Und weil anscheinend sehr viele Simon Sinek fehlverstanden haben und liebendgerne eine Brandingabkürzung nehmen, gibt es dafür anscheinend schon länger ein rauf und runter durch die Berater-Arena gejagtes Buzzwort, dem ich erst kürzlich begegnet bin, das mir aber schon jetzt richtig auf den Zeiger geht: Purpose Marketing.
Purpose Marketing – so die Verkaufsstory – beschreibt eine Marketingkommunikation, die Themen aufgreift, die potenziellen Kunden am Herzen liegen und durch Unternehmen in deren Meinungsrichtung ausgelegt werden (<<< so erklären es passenden Agenturen tatsächlich); in Wort, Bild und Handlung Motto: Setz dich für Etwas ein, das deinen Kunden viel bedeutet. Warum? (Trapstraps) Keine Ahnung. Hauptsache es passt gut in die Filterblase der Zielgruppe. Und lässt dich etwas von ihrer „Liebe“ abgreifen.
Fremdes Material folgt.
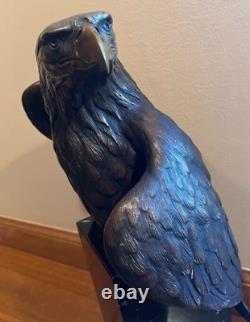 Vigilance Large American Bald Eagle Bronze Sculpture Signed Robert Taylor 30 Lb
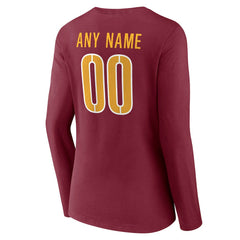 Washington Commanders Women's Team Authentic Personalized Name & Number Long Sleeve V-Neck T-Shirt - Burgundy T-shirts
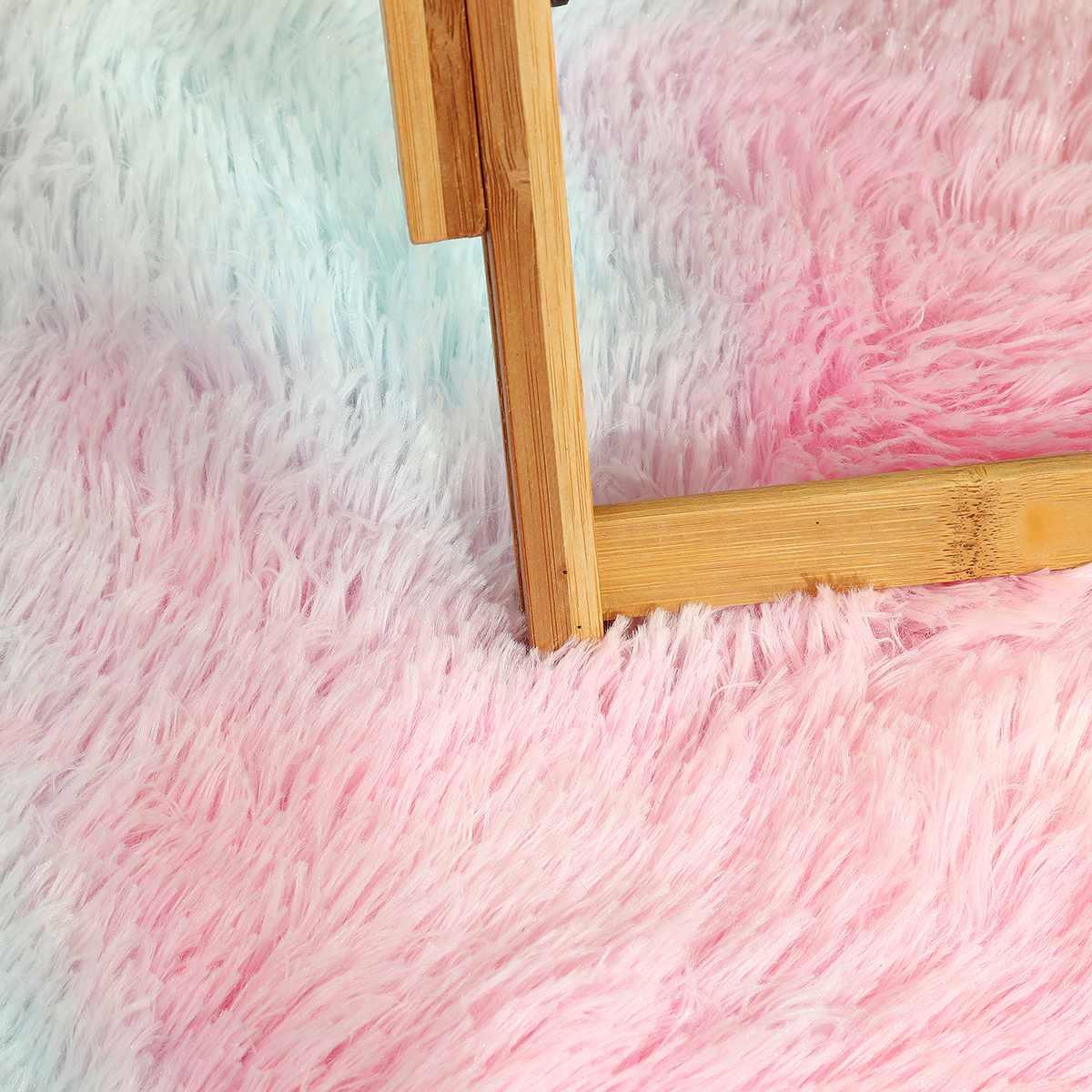 Soft Tie-Dye Art Carpet Rainbow Gradient Color Fluffy Rugs Baby Crawling Mat Living Room Carpet (D68)(RU2)(1U68)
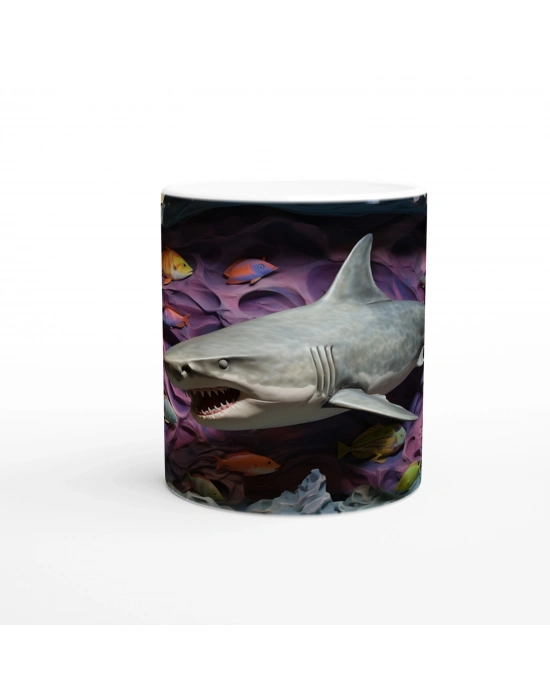 Pembe-Mor Mağara Zemini ve Köpekbalığı Su Altı Temalı Kupa Bardak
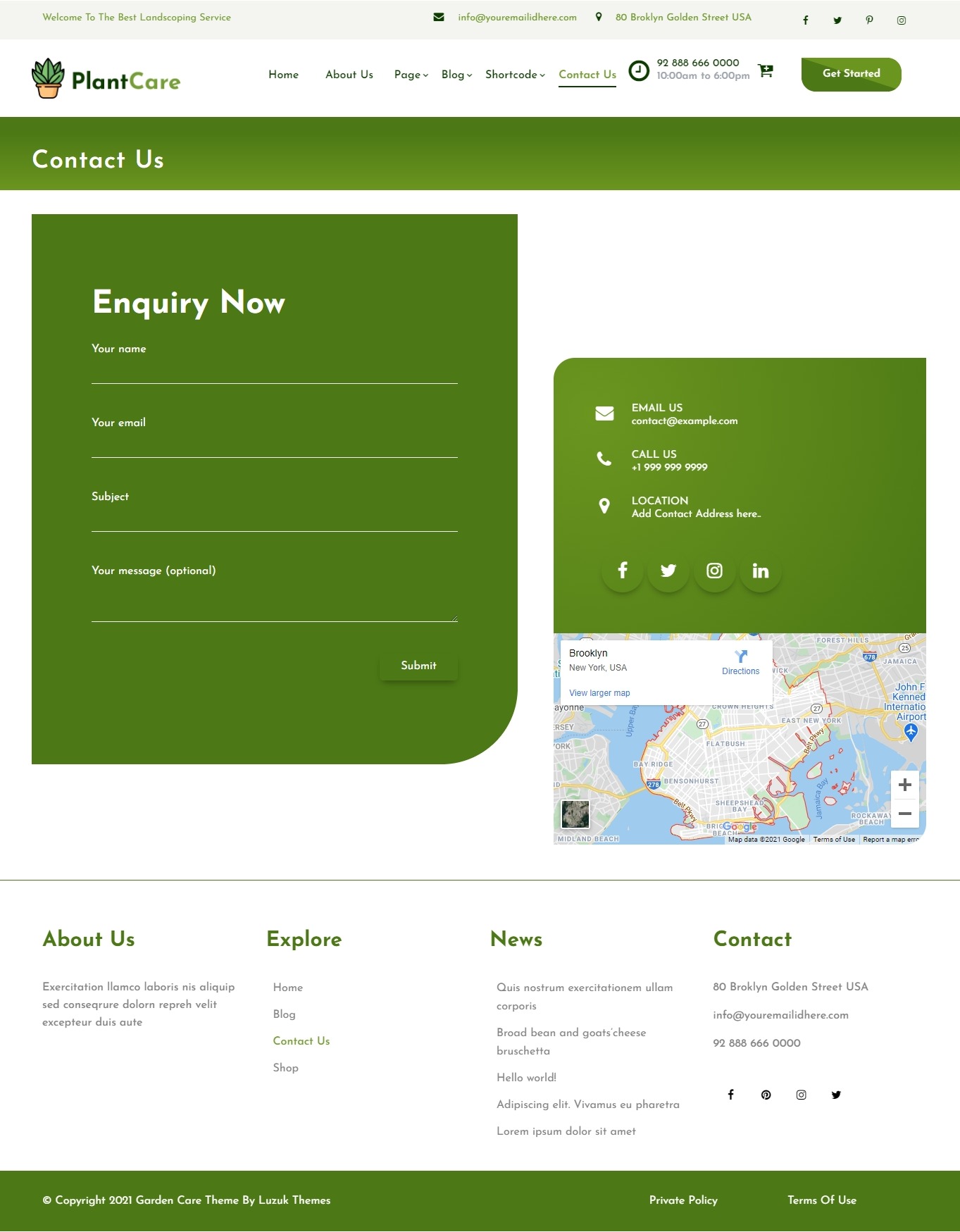 select Contact Page template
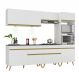 Armário de Cozinha Completa 252cm com Leds Veneza Up Multimóveis V2035 Branco/Dourado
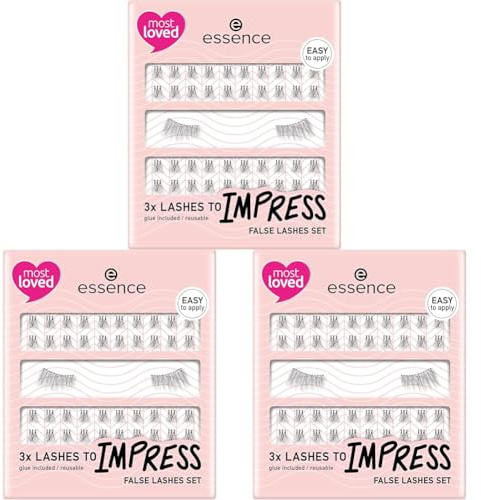 essence 3x LASHES TO IMPRESS false lashes set 01, künstliche Wimpern, Schwarz, vegan, Nanopartikel frei, ohne Parfüm, ölfrei, 3er Pack (3pair)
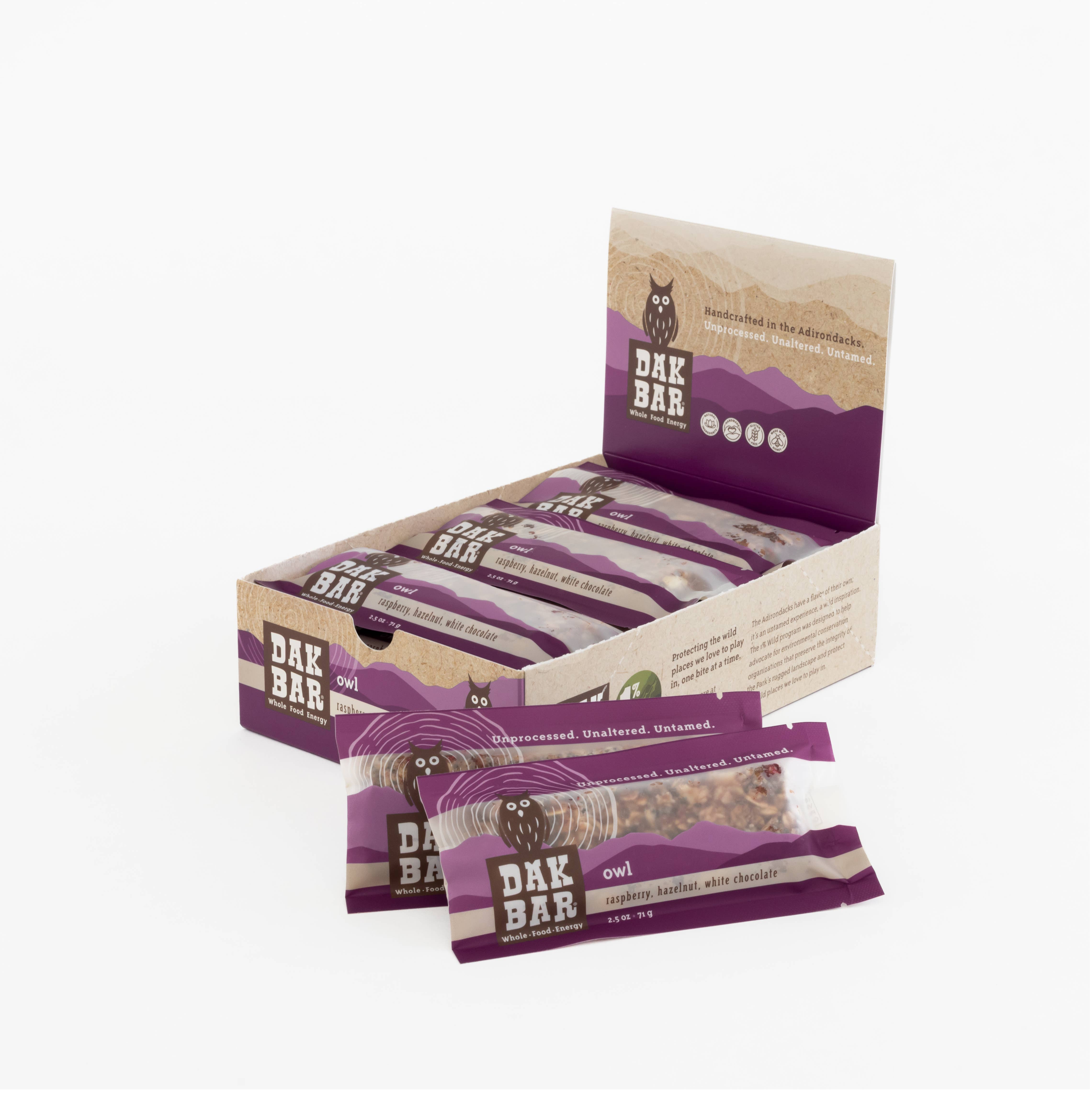 Dak Bar - Wholesale Snack Bar - Owl Bar - White Chocolate, Hazelnut & Raspberries Snack Bar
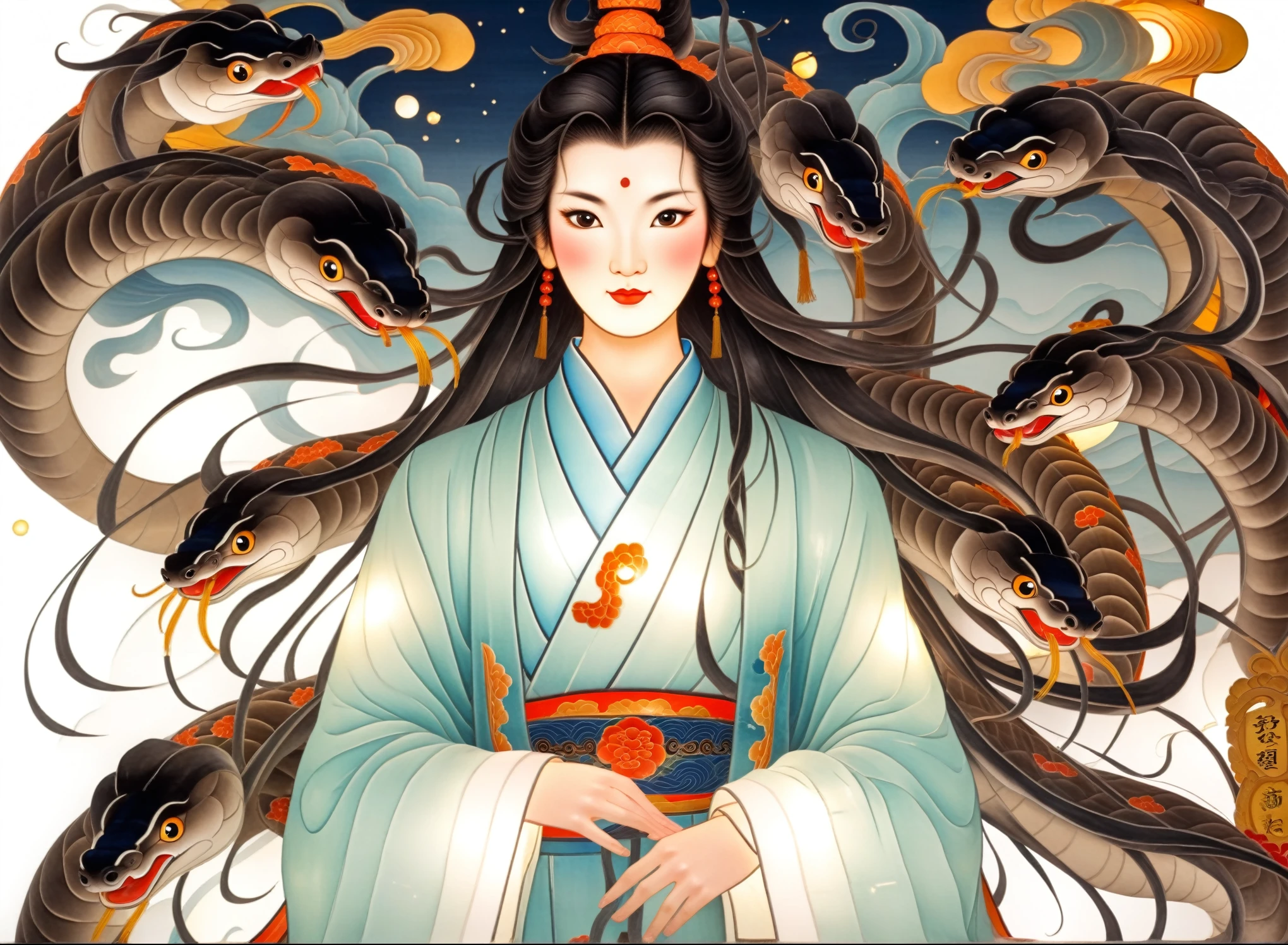 festive lantern,Front perspective,lamp,Nine tailed Snake,featuring traditional Chinese stories from "The Three Seas Sutra",Nine tailed Snake,eyes,cute,beard,wind,high-quality,masterpiece,night,RAW photo,cover art,wallpaper,rich details,festival lantern,(close-up),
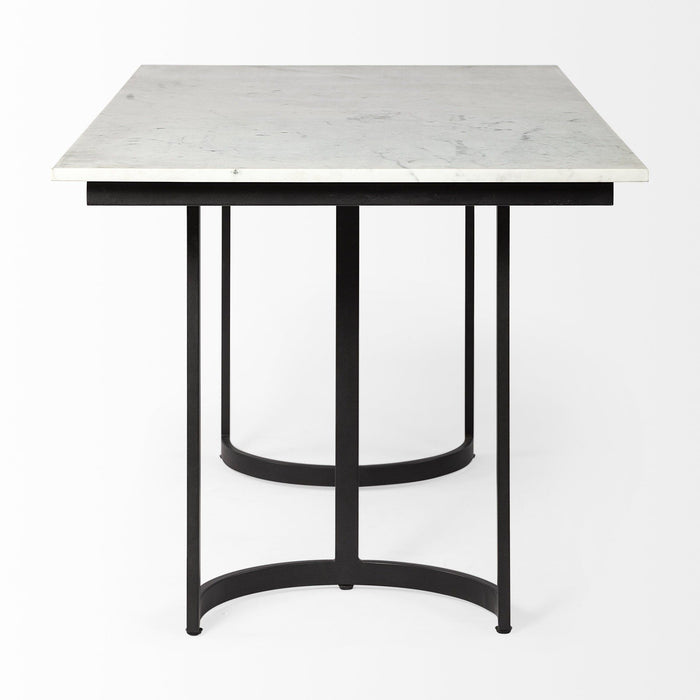71" Dining Table - Black / White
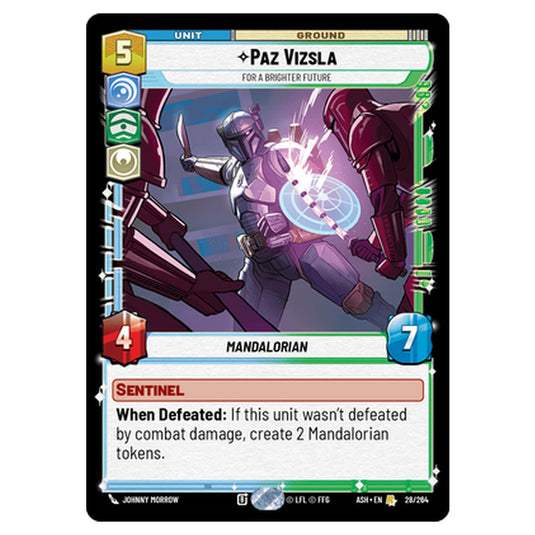 Paz Vizsla card from the Star Wars Unlimited set Ashes of the Empire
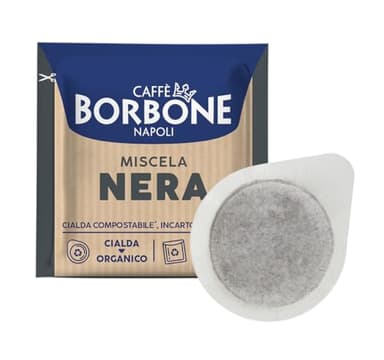 Caffè Borbone Dosette Compostable, Emballage Recyclable, Mélange de Café Noir - 100 Dosettes de Café - Système ESE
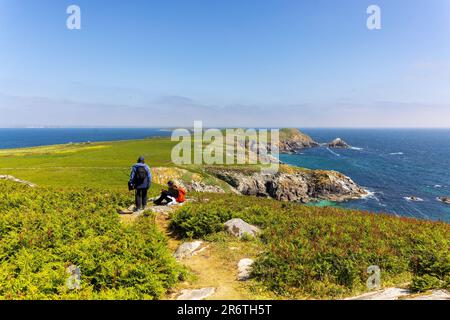 Zwei Personen bewundern den malerischen Blick auf „Great Saltee Island“ und den Atlantischen Ozean, während sie die Insel an einem sonnigen Sommertag besuchen. Saltee Islands, Irland Stockfoto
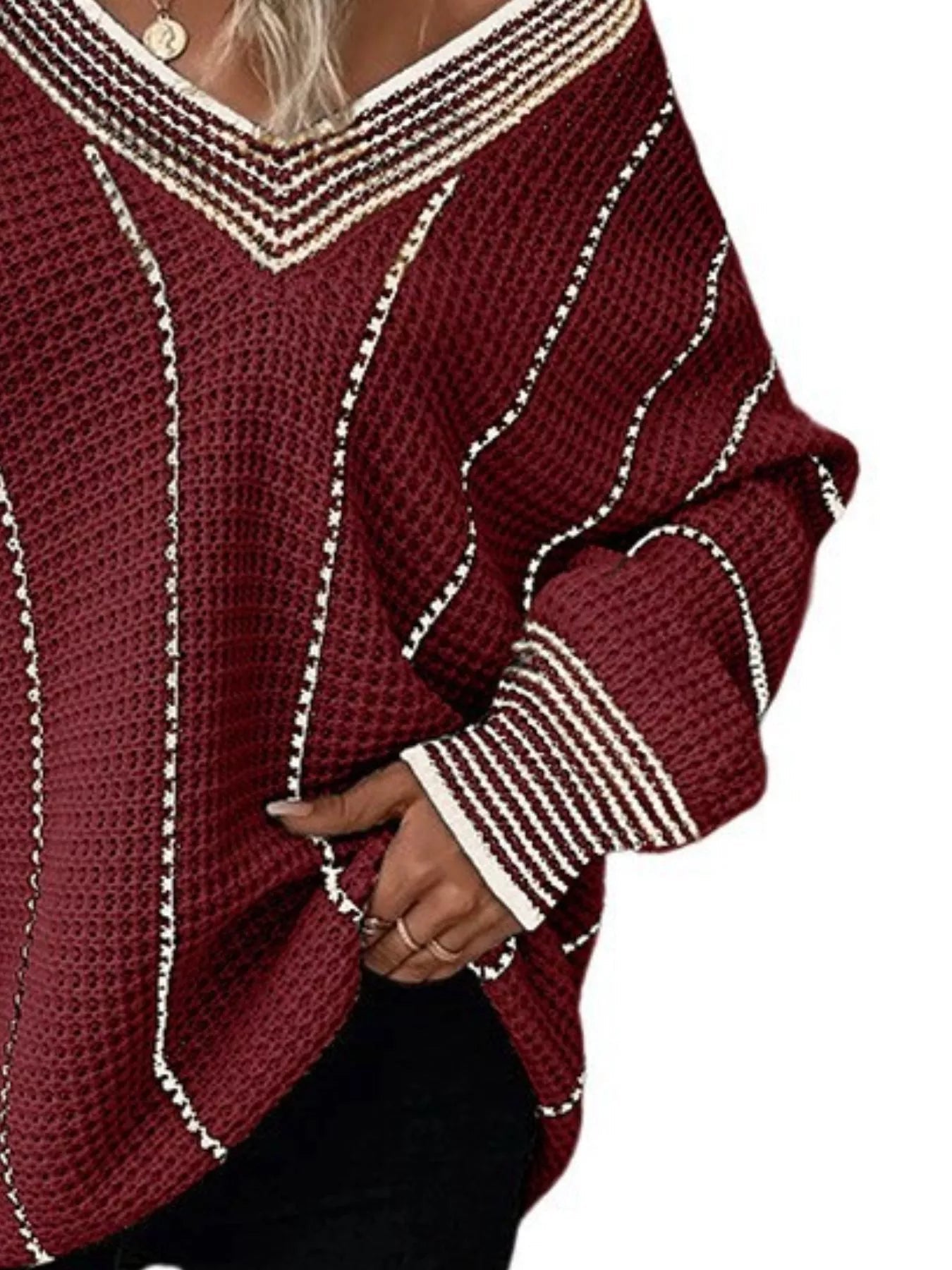 Full Size V - Neck Textured Knit Sweater Plus Size - Rochelle's House LLC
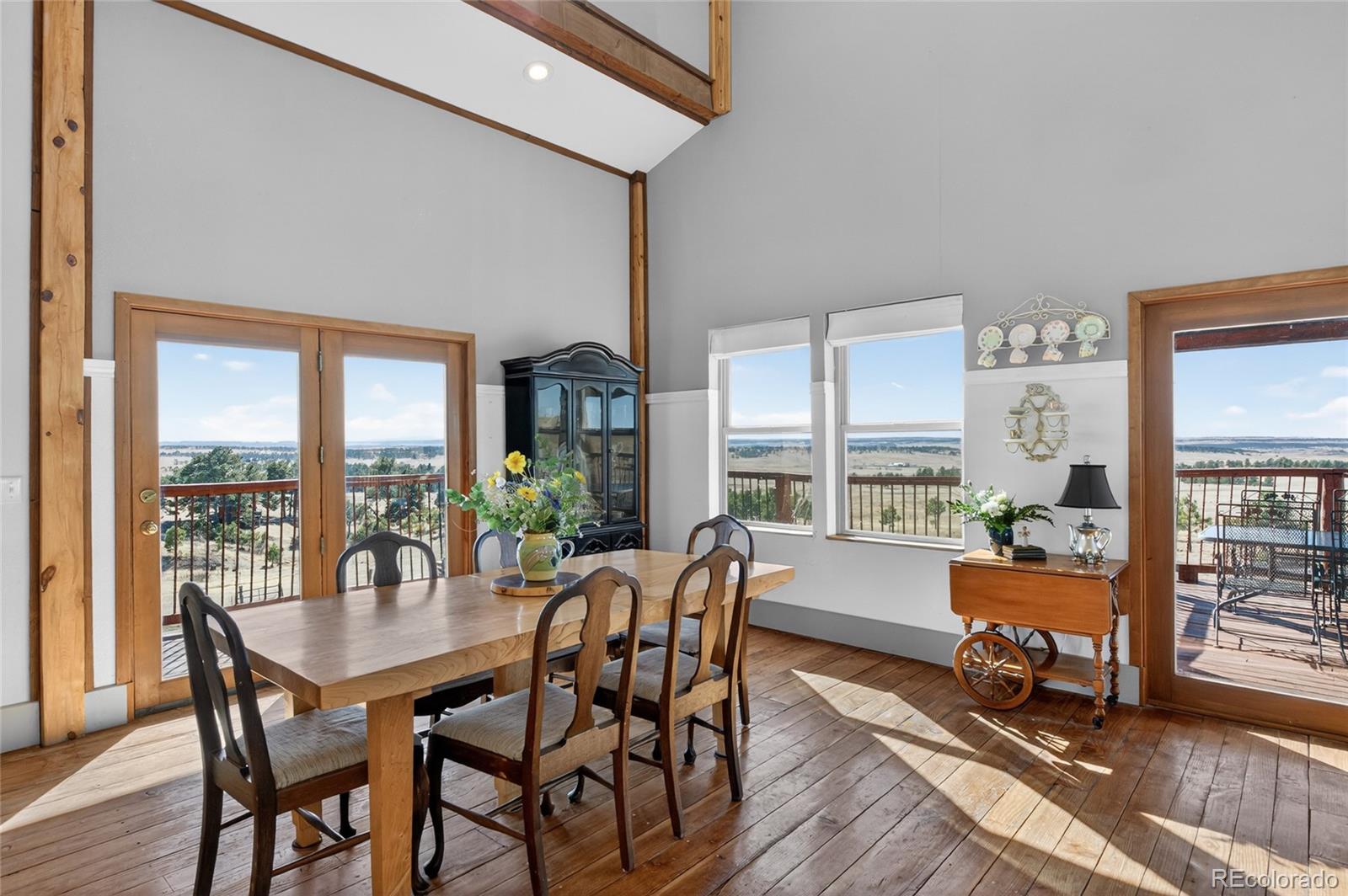 31885 Ridge Road Ramah, CO 80832 - Photo 16 of 47 a dining room with furniture window and wooden floor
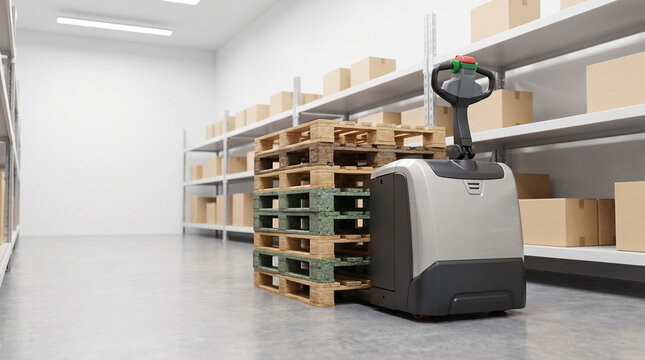 Electric pallet jack in modern warehouse with cardboard box on metal shelves and pallet stack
Mensch, Mensch, Mensch…. Wenn das wenigstens seinen Ursprung in Bolz´schen Sinnüberlegungen und der Mär davon hätte, dass Marken Menschen in einer komplexen Welt Hilfe und Orientierung bei der Sinn-und Identitätsfindung geben und deshalb in gesellschaftlichen Prozessen intervenieren müssen, um Markentribes um sich zu scharen. Dann hätte die Titelgebung (Purpose = Zweck) einen Sinn und eine inhaltliche Nähe zum Goldenen Zirkel und dem Selbstbild als Ausgangspunkt allen Handelns. Aber hier ist es fast immer nicht die Marke, aus deren Haltung das Handeln und sein Stil abgeleitet wird, sondern das Selbstbild Dritter, das gesellschaftliches Trensurfing und Purposehopping erzwingt. Und die Marke extrem gefährdet.
Denn tatsächlich muss sie bestimmen, ob etwas zu gesellschaftlichen Strömungen zu sagen ist. Und dann determinieren, was dazu zu sagen ist. Aus ihr selber heraus, ihrem Selbst-Bild und ihrer Position heraus. Nicht umgekehrt. Denn dann ist sie schnell beliebig, uneindeutig, verfahren, getrieben; dann kann man sie nur noch als fraktal bezeichnen (kennt den Begriff noch jemand?) und dann ist sie kurz vor der Belanglosigkeit.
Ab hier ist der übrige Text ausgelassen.